Of all the stories that began Monday as high school teams from across the state held their first football practices, perhaps none was as unique as Dompierre's.
Dompierre, who has Down syndrome, turned 19 in January. That birthday put him at odds with the Michigan High School Athletic Association, the governing body for the state's high school athletic programs that dictates no student shall compete in any athletic competition if they turn 19 before Sept. 1.
At least until Dompierre's father, Dean Dompierre, managed to convince the MHSAA and its member schools to change its bylaws and allow students with certain disabilities to apply for a waiver if they were too old. Eric Dompierre and his father got the rule changed. They applied for a waiver earlier this summer. A ruling is due Wednesday.
"We are optimistic," said the elder Dompierre, a sixth-grade elementary science teacher who has become something of a celebrity in this mining community near the shores of Lake Superior.
The opening of football season is nearly always reason for optimism. That includes places like Detroit Cass Tech, where the Public School League team aims to follow its improbable state title run last season with another this season, and at Birmingham Brother Rice, where 79-year-old coach Al Fracassa wants to cap off a marvelous career with a consecutive title.
Ishpeming High has designs on Ford Field in November, too.
The Hematites -- the nickname is taken from the mineral form of iron oxide -- lost in the quarterfinals of the state playoffs last season. The year before that, Ishpeming lost in the state title game to Hudson, 28-26.
Jeff Olson, the team's head coach, said he thinks his team has a chance to be good again, on the strength of his senior class and a football culture based on the area's mining ethos.
Olson likes football because it is hard.
"It's not for everybody," he said. "We appreciate anybody who comes out and puts in the work."
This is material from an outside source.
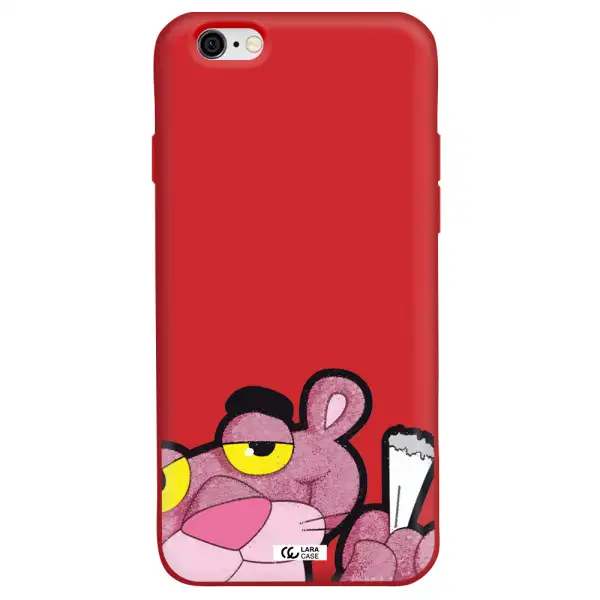 a cartoon of a pink bear Apple iPhone 6 Silicone Imperial Red Case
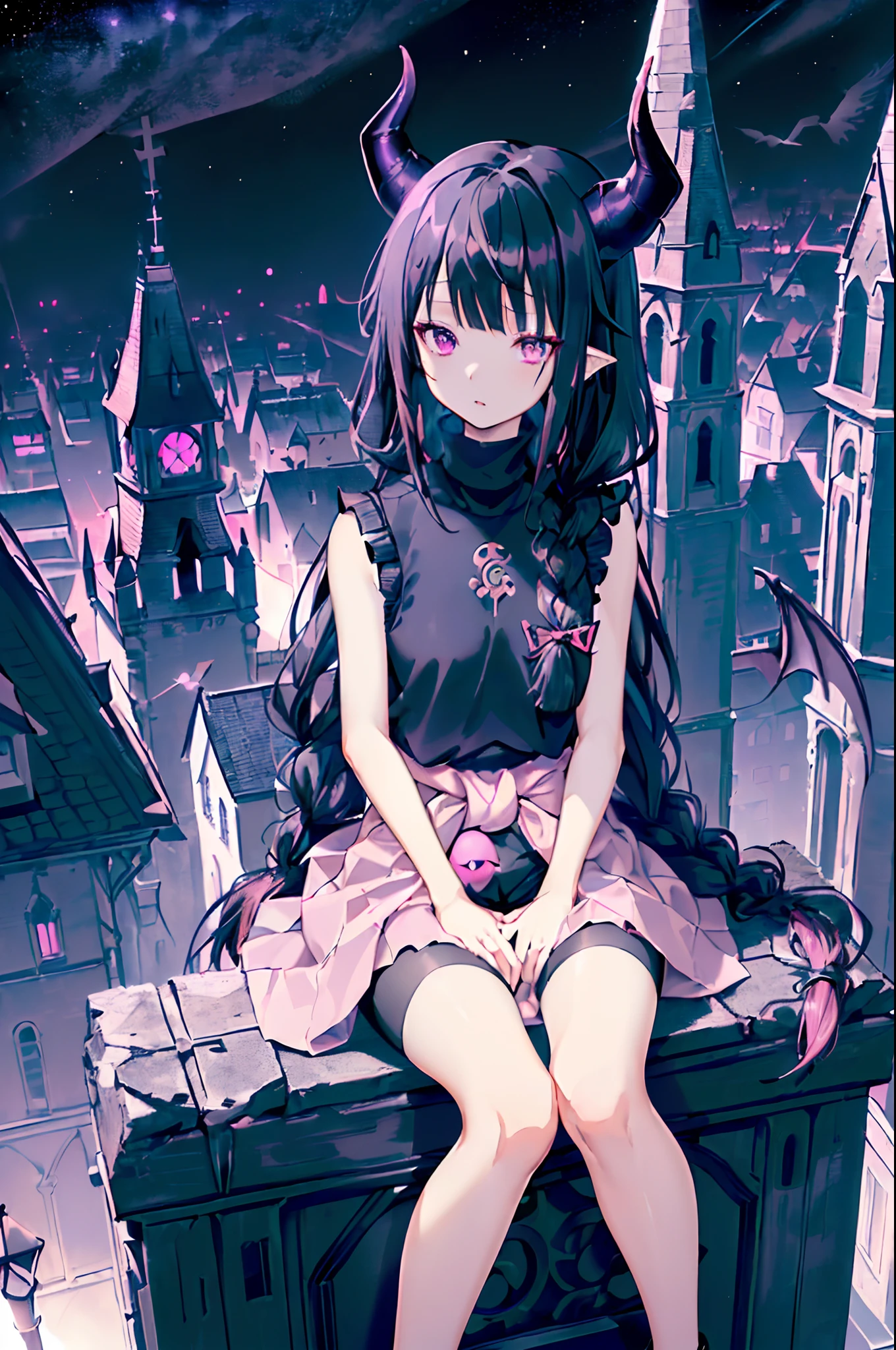 ((masutepiece, Best Quality, 4K, Gerbourg, pixiv, Best Quality, Ultra-detailed)), Warm lighting, 1 woman, young adult, Beautiful young々Shishi Woman, ((Black hair, Long hair, Hairy bangs, One braid)), ((Demon Horns)), ((Purple eyes, Sharp eyes)), Small chest, Starry sky, scowl, detailed city background, ((very long pink skirt, Black leggings that reach to the waist with a torn hole)), ((Cute fluffy, Very puffy and、Tucked away in a sleeveless black sweater)), ((Sitting on top of a church tower, Night city in the background, Bird's-eye view)), Very modern futuristic setting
Dompierre showed effort from his first two-a-day practice three years ago as a freshman. He kept showing it during the off-season at local weight-training facilities and in his Christmas demands to his father, when he asked for a Bowflex so that he could lift and stretch in their basement.
Dompierre, a 5-foot-2, 140-pound receiver, is the shortest and smallest player on the team. Perhaps this is why he lifts and stretches and runs, as he did Monday for most of the morning and afternoon, even after practice, when a friend who took him to the prom showed up for a run.
"He's earned his place," Olson said. "He's had to keep fighting."
Last season, Dompierre got onto the field for one pass play. Mostly, his role is with special teams, which is why he spent the last hour of the morning session attempting extra points on the main football field, adjacent to the practice fields where the rest of the team scrimmaged.
Over and over Dompierre tried to kick the football through the uprights, roughly 19 yards from where he'd placed it; each time the ball ricocheting off the crossbar or knuckleballing underneath it.
"Good kick," said his dad, who was on the field to help Eric practice kicking.
The son may not entirely grasp the amount of work the father put in the last two years to give him a chance to keep playing. But he understands enough to know that his father is the reason he has a chance to keep playing. Still at this moment, like any other varsity football player, he'd rather his father not be here.
Dompierre wants to do it alone. And later tells his dad: "You are too protective. You give me too many tips."
What he really wants, of course, is for his father to watch from behind the fence, or from the stands. The son will find out later this week whether the father will keep getting that chance when the MHSAA makes its ruling on the waiver.
In the meantime, Dompierre is allowed to practice. So he will make that walk. Down the street, to the left, back to the right and out into the vast openness of possibility.